The Federal Court of Appeal has upheld a lower court ruling last year that found the owners of the Arctic cruise ship the Clipper Adventurer liable for costs incurred by Canada when the ship ran aground in Nunavut’s Coronation Gulf in 2010, stranding 128 passengers and 69 crew members.

In a Feb. 7 decision, federal appeal judge Joanne Gauthier said Justice Sean Harrington of the Federal Court of Canada made no error in January 2017, when he ordered the Bahamas-based ship owner Clipper Adventurer Ltd. to pay the Government of Canada $445,361.64 plus interest dating to Sept. 17, 2010 for cleanup costs.

That action was on top of Harrington’s dismissal of a $13.5 million lawsuit filed by Clipper Adventurer Ltd. against the Government of Canada for “the cost of temporary and permanent repairs, payment to the salvers, business interruption, and related matters,” stemming from the ship running aground.

In the latest appeal, Clipper Adventurer Ltd. challenged only the payment owed to the Government of Canada, who they accused of negligence for failing to properly warn mariners of the Coronation Gulf shoal that the Clipper Adventurer ultimately ran aground on.

But Gauthier dismissed that allegation, concluding “this is not a case where no warning was given of the presence of the shoal.”

“Mariners have their own duty of care at common law,” Gauthier continued.

“They must have on board and make use of up to date charts and nautical publications. This duty is informed by the local regulations that apply to the waters they chose to sail in.”

The Canadian Coast Guard Ship Sir Wilfred Laurier discovered the shoal in 2007, and subsequently issued a “Notice to Shipping” on the shoal’s location, which was broadcast for 14 days and subsequently made available to mariners on the Canadian Coast Guard website.

The Canadian Hydrographic Service performed a detailed survey of the shoal in 2010 and issued another notice, Gauthier said, distributed weekly to “interested parties” sailing the region.

“Neither those on board the Clipper nor her managers in Florida made such a request” for that information, Gauthier said, and therefore, “the Clipper did not have a properly updated nautical chart on board.”

Gauthier agreed with Harrington that the Clipper “should have known they were in uncharted shoals” and preceded “at a much slower speed” with assistance from a scout vessel, like a zodiac, as is common practice in those circumstances.

The challenges of Arctic charting, Gauthier explained, is “opportunistic,” and can only be done when circumstances permit.
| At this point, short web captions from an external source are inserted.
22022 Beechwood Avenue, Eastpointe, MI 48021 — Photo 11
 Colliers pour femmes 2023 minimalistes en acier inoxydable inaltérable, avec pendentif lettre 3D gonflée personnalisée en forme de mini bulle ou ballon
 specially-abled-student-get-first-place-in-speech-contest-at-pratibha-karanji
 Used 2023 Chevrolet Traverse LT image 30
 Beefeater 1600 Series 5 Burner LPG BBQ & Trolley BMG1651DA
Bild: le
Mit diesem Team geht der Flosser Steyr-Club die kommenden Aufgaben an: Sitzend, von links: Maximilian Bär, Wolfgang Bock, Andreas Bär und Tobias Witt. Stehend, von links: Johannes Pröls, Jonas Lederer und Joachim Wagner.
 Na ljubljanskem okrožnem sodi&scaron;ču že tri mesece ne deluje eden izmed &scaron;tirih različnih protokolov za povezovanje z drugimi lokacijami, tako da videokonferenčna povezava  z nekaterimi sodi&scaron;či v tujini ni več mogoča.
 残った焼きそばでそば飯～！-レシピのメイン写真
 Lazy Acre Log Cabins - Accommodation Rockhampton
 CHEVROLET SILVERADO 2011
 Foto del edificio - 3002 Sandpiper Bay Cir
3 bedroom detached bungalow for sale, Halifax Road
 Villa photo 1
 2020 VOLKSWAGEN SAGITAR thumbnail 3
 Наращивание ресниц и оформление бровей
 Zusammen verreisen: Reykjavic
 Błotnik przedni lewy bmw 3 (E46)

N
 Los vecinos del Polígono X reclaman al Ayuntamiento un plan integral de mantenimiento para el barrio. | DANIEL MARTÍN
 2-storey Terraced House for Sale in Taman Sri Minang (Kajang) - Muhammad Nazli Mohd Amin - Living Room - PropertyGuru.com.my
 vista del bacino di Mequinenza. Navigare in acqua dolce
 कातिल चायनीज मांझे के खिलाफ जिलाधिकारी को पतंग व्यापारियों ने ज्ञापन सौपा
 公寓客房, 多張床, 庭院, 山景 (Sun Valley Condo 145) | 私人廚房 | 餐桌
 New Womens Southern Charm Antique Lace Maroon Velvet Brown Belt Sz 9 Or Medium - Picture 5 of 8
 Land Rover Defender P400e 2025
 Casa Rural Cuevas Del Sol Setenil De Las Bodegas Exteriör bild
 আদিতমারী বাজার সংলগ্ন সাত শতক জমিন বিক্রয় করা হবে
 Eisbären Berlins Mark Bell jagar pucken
As such, only 10 per cent of Arctic waters have been surveyed to modern standards, the judge said, and the Clipper Adventurer should have “proceeded with caution” when it left the main shipping corridor and entered an area that was not fully surveyed.

After dismissing the appeal, Gauthier awarded the costs of the Crown’s defence to Clipper Adventurer Ltd., for a total of $5,000.

In 2012, the Transportation Safety Board found the vessel’s operators did not inform themselves about the known hazard that they ran into, did not carry essential equipment on board and did not follow their management company’s own quality, safety and environmental protection program.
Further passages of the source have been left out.